En d’autres temps, on pouvait se demander « à quoi rêvent les jeunes filles de 14 ans ? » Dans L’aire poids-lourds, on découvre qu’elles ne rêvent plus, qu’une réalité brutale les a englouties dans un flot d’images et de pulsions que les réseaux sociaux déversent à longueurs de connexion permanente. Enfants d’une ère du vide qui déborde de toute part telle une poubelle surchargée, Bee et Ellie sont liées mais aussi contaminées par la puissance de diversion et de séduction contenue dans leurs smartphones. Qui les a lâchées et laissées dériver ainsi, dans une jungle artificielle de tentations absurdes, d’argent facile et sale, de surconsommation d’images plus stupéfiantes que toutes les drogues de synthèse ? Les deux amies sont collégiennes, mais l’institution est un alibi social et éducatif, un paravent qui cache la démission des parents et des éducateurs. Les premiers sont divorcés, séparés, alcoolisés et les seconds sont impuissants à éduquer tout juste bon à contrôler, surveiller et punir. Pas étonnant dans ces conditions que Bee et Ellie soient tentées de faire le mur, de franchir le pas de l’asservissement volontaire au sexe. Le désir érotique est ici la seule chose qui semble leur appartenir mais elles ne savent pas en faire leur trésor et le bradent, le vendent en solde à des camionneurs en qui elles aimeraient voir des dieux ou des anges gardiens mais qui ne sont que des clients bien tatoués. Il faut dire que les pères avaient promis protections mais ils ont vite et égoïstement abandonner.
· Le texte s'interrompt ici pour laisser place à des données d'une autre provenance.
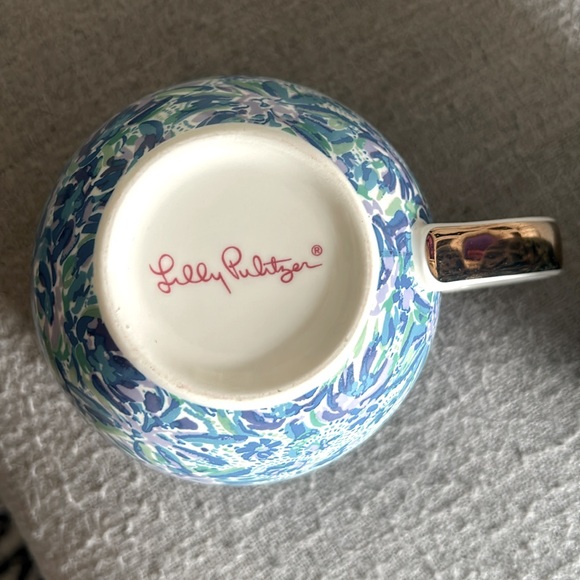 LILLY PULITZER Blue Floral - Gold Handle - Mug Cup Coffee/Tea Collector - Picture 5 of 6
Bee et Ellie prennent donc la tangente de leur condition sociale et elles en acceptent tous les risques. Certes, en se vendant, elles ne vendent pas leur âme au diable mais en ont-elles encore une ? En contrepoint, Freya nouvellement arrivée dans le collège entre dans leur cercle mais en gardant un pied dehors. Elles la poussent à se « sexifier » pour aller à des fêtes mais la nouvelle recrue a conservé au fond d’elle un résidu de romantisme qui pourrait bien la sauver. Pour Bee et Ellie, c’est foutu, il ne leur reste que le défi du pire pour se sentir exister. Tatouages, piercing, alcool, nudes sur réseaux sociaux, tout cela n’est même plus excitant, se prostituer décuple la prise de risque mais tue le désir. Une psychologue leur demande « où est-ce que tu vis dans ta tête ? » et en effet, elles semblent déterritorialisées, séparées d’elles-mêmes, en perdition. Plus de cap, seulement le jeu risqué de « cap ou pas cap », un jeu qui requiert une énergie folle – celle du désespoir ?
L’auteur australien de la pièce, Lachlan Philipott, s’est inspirée d’un fait divers survenu dans une banlieue populaire de Sydney. Mais on est loin du théâtre documentaire, d’autant que la metteuse en scène Carole Errante a opté pour l’artifice scénographique et la primauté de la structure sur l’action. La scène est traversée d’un podium oblique qui pourrait suggérer la route mais qui est aussi la tangente et surtout le lieu d’exposition des personnages. Une exposition en pleine lumière alors qu’en dehors, c’est plus obscur. Il faut saluer la création sonore et la performance plastique de Jenny Abouav qui équipée d’une console portable, travaille les sons dans l’ombre et au plateau, pour en faire un matériau modelant le drame. Contre toute attente, pas de vidéo montrant une aire poids-lourds ; cela aurait été d’une facilité décevante ! En revanche, la mise en scène a quelque chose de cinématographique mais un peu comme si le podium en diagonale tenait lieu d’écran de pro-jection des personnages mais à l’horizontal ; beau travail de création lumière de Cécile Giovansili-Vissière. Les comédiennes Alia Coismann, Elisa Gérard, Annaëlle Hodet et Anne Naudon déploient une grande énergie en navigant en permanence entre l’avant et le maintenant du franchissement de la limite entre le jeu avec le feu et le moment où l’on a brulé ses ailes. Le langage est souvent cru mais les situations ne le sont pas moins voire cruelles.
La compagnie La CriAtura semble à son aise dans l’art de déjouer de manière irrévérencieuse les normes, les genres, les codes aussi bien du théâtre que de la société.
Jean-Pierre Haddad
Châteauvallon-Liberté, Scène Nationale, 795 chemin de Châteauvallon, 83190 Ollioules. Mardi 1er avril 2025 à 14h30 et 19h30, mercredi 2 avril à 19h30 et jeudi 3 avril à 14h30.
Festival Off Avignon -Théâtre des Carmes, 6 place des Carmes 8400 Avignon. Du 5 au 26 juillet 2025 à 15h. Relâche les mardis 8, 15 et 22.